Information supplied Start Marker

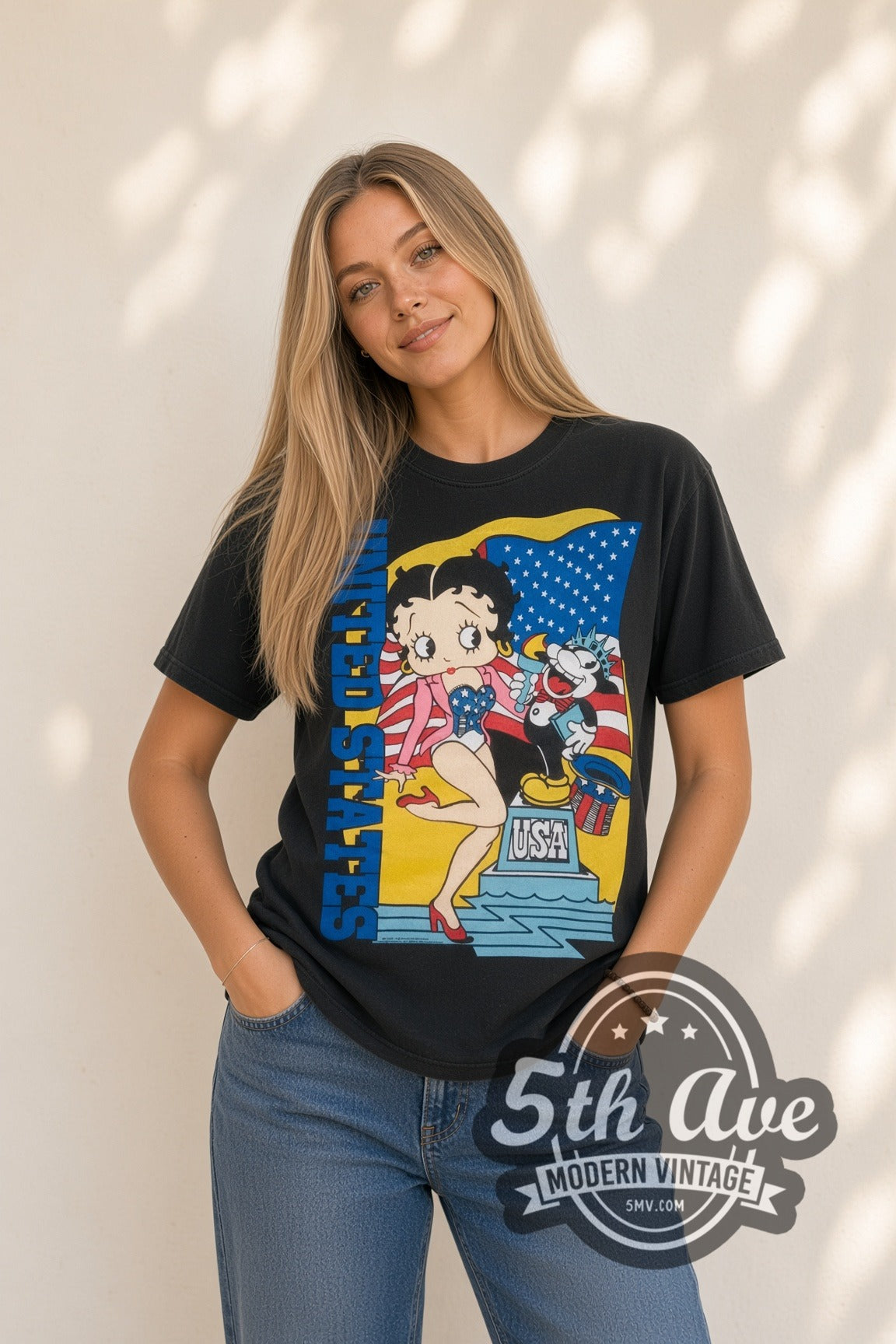 Model wearing the Betty Boop USA Statue of Liberty cartoon tee in black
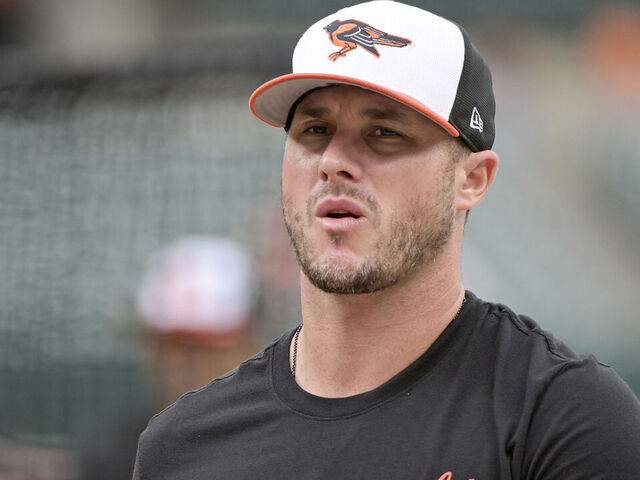 BALTIMORE, MD - OCTOBER 02: Baltimore Orioles catcher James McCann (27) walks off the field after batting practice prior to the Wild Card Playoff game between the Kansas City Royals versus the Baltimore Orioles on October 2, 2024 at Oriole Park at Camden Yards in Baltimore, MD.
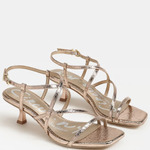 Pair of gold strappy high-heeled sandals on a white background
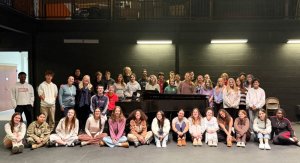 Cape performing arts students gather around the newly donated piano with True Blue Jazz representative Peggy Raley.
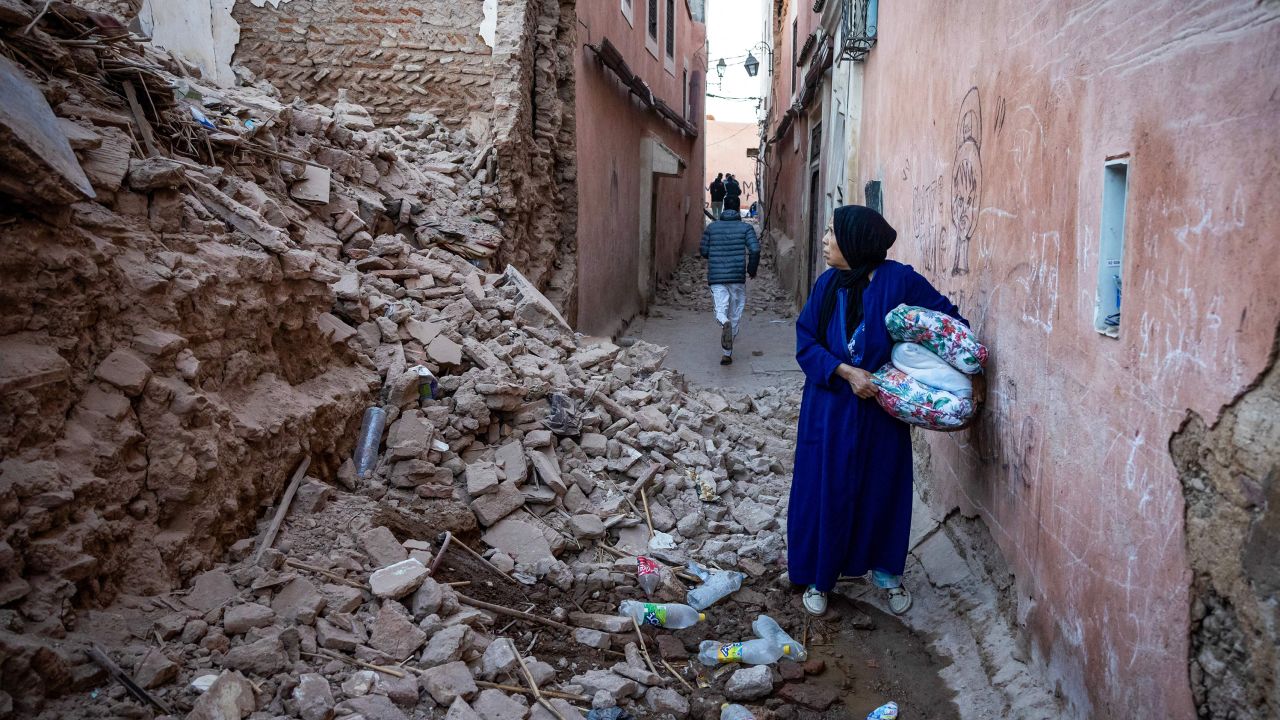 A woman stands among the rubble of a building in the earthquake-damaged old city of Marrakech.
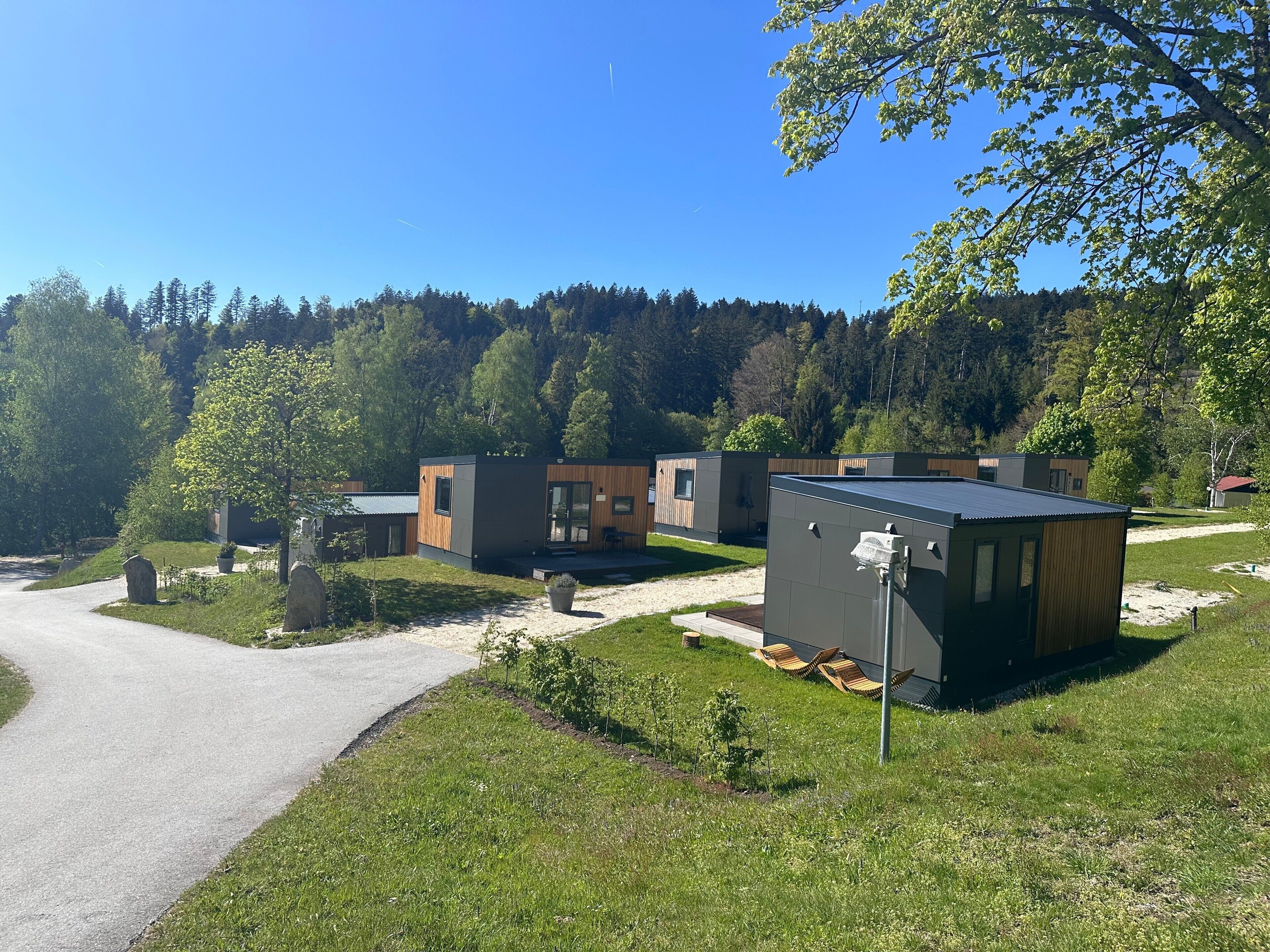 Ein moderner Außenbereich mit einem gepflasterten Weg, Holzbanken und einem kleinen Gebäude mit dunklem Dach.
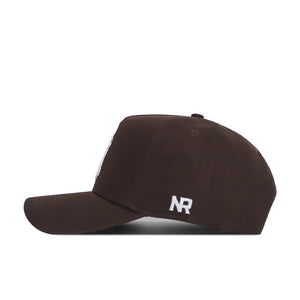 The Wyoming Americano Hat is a brown cotton baseball cap shown from the side, with white embroidered "NR" on the side panel. It features a curved brim, ventilation eyelets, and a classic snapback closure.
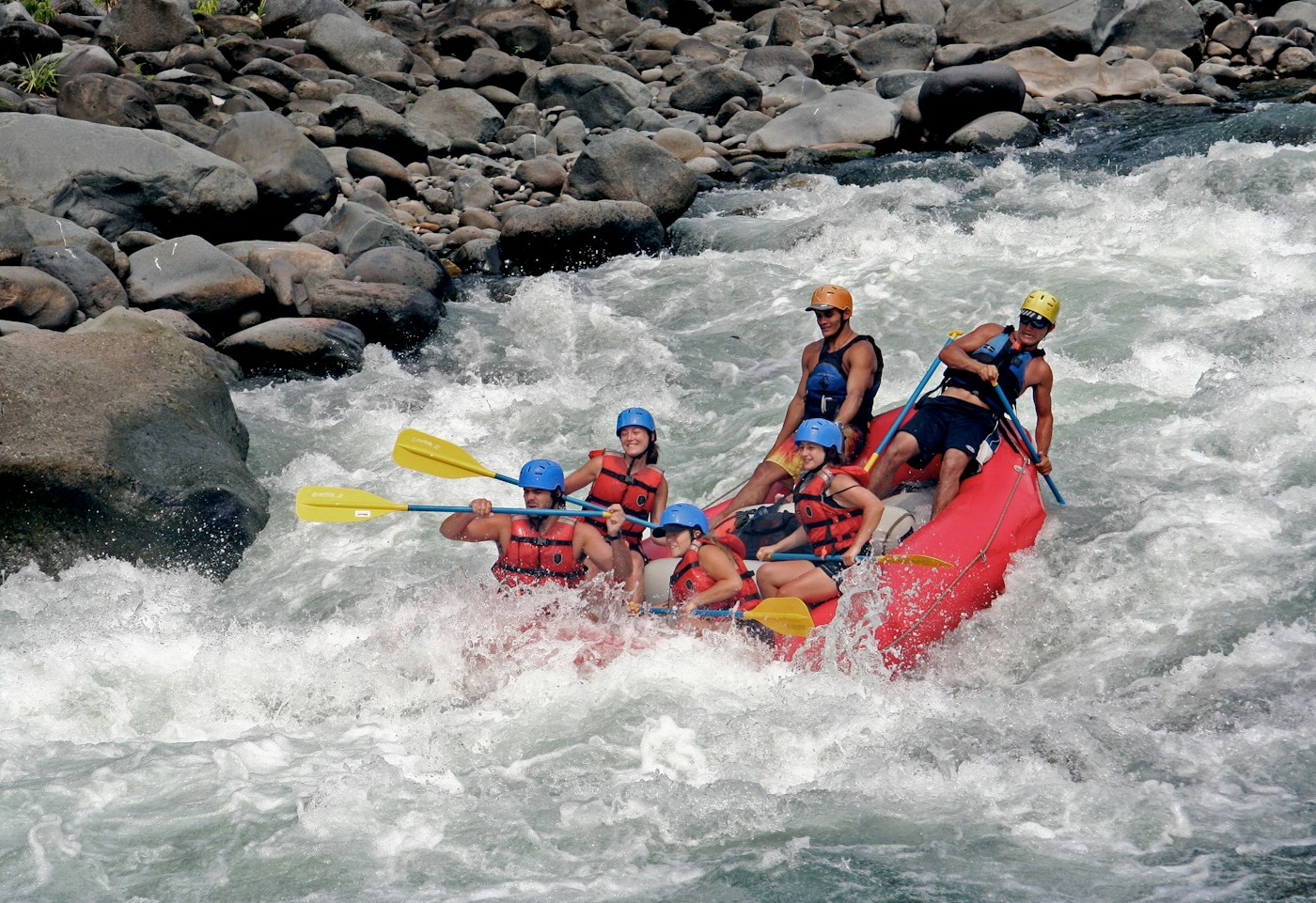 River rafting with paddlers wearing helmets and life jackets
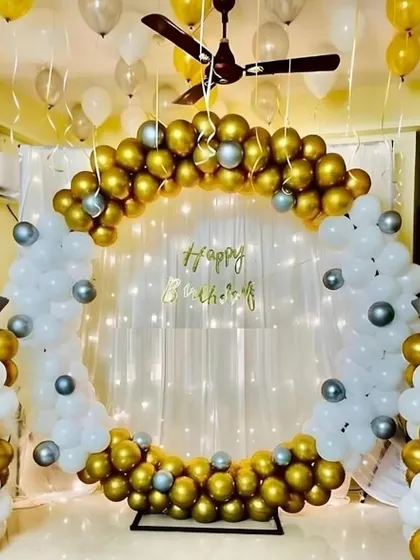 I transformed this living room into an elegant party space with a classic gold, white, and silver theme. The design includes a circular balloon frame perfect for photos, set against a backdrop of soft drapes and twinkling fairy lights. This shows how even a simple space can feel luxurious for a birthday.
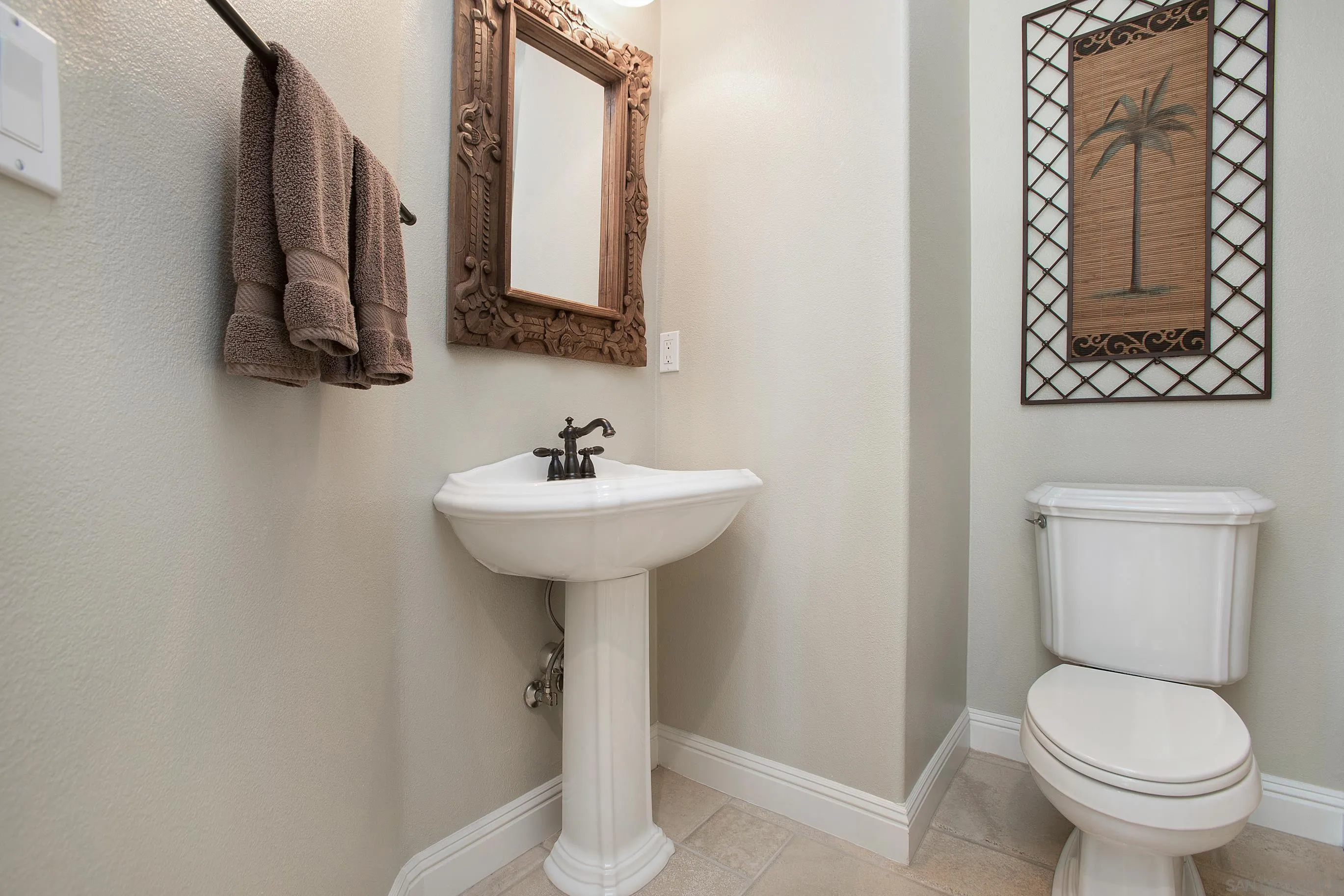 562 Shasta Drive Encinitas, CA 92024 - Photo 29 of 59 a bathroom with a toilet sink and mirror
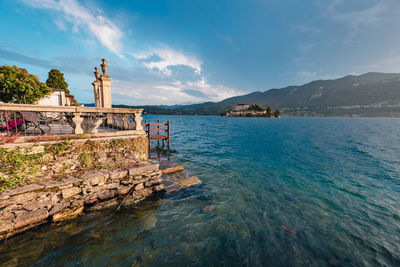 View of a building on lake orta with the island of san giulio in the background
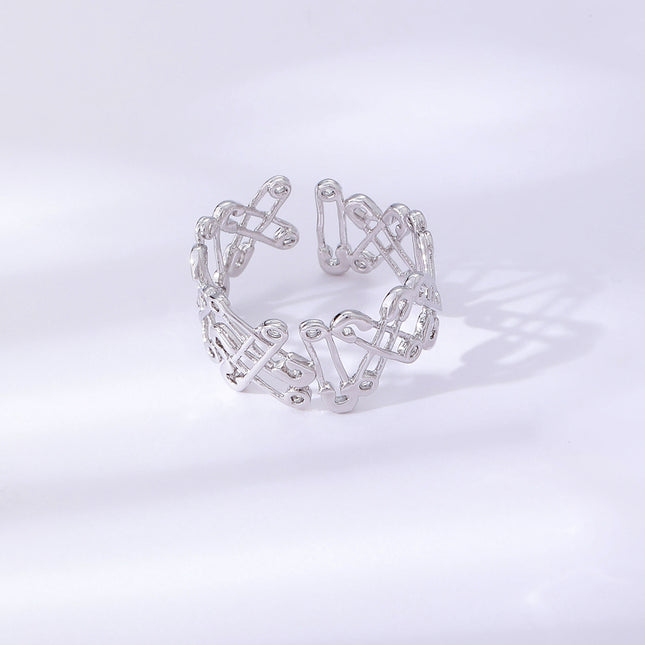 Anillo Con Diseño Clip Hueco Y Diamantes De Zirconia De Cobre Chapado En Plata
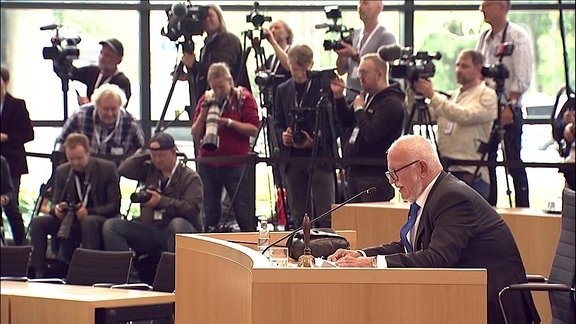 Alterspräsidenten Treutler von der AfD spricht nach der vierten Unterbrechung im Landtag. Im Hintergrund stehen Fotografen.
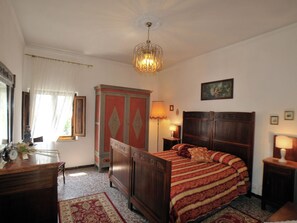 A bedroom with a wooden bed, a chandelier, a dresser, and a desk with a lamp.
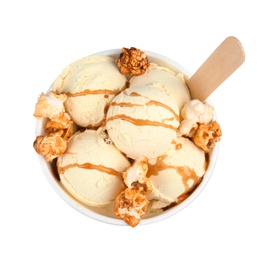Photo of Delicious ice cream with caramel popcorn and sauce in dessert bowl on white background, top view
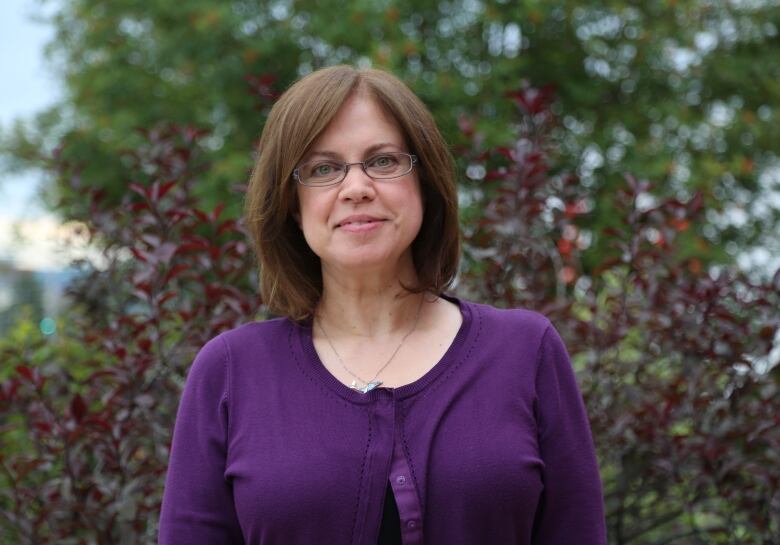 Woman with above shoulder length hair, wearing purple shirt, smiling at camera with a bush in the background.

Information supplied End Marker

Task details:
Extract, word for word, each line from the top of the data down to and including the line with "The Wyoming Americano"; skip the pictures.

Result of this exercise:
 Model wearing the Betty Boop USA Statue of Liberty cartoon tee in black
 BALTIMORE, MD - OCTOBER 02: Baltimore Orioles catcher James McCann (27) walks off the field after batting practice prior to the Wild Card Playoff game between the Kansas City Royals versus the Baltimore Orioles on October 2, 2024 at Oriole Park at Camden Yards in Baltimore, MD.
 Pair of gold strappy high-heeled sandals on a white background
 Cape performing arts students gather around the newly donated piano with True Blue Jazz representative Peggy Raley.
 A woman stands among the rubble of a building in the earthquake-damaged old city of Marrakech.
 Ein moderner Außenbereich mit einem gepflasterten Weg, Holzbanken und einem kleinen Gebäude mit dunklem Dach.
 The Wyoming Americano Hat is a brown cotton baseball cap shown from the side, with white embroidered "NR" on the side panel. It features a curved brim, ventilation eyelets, and a classic snapback closure.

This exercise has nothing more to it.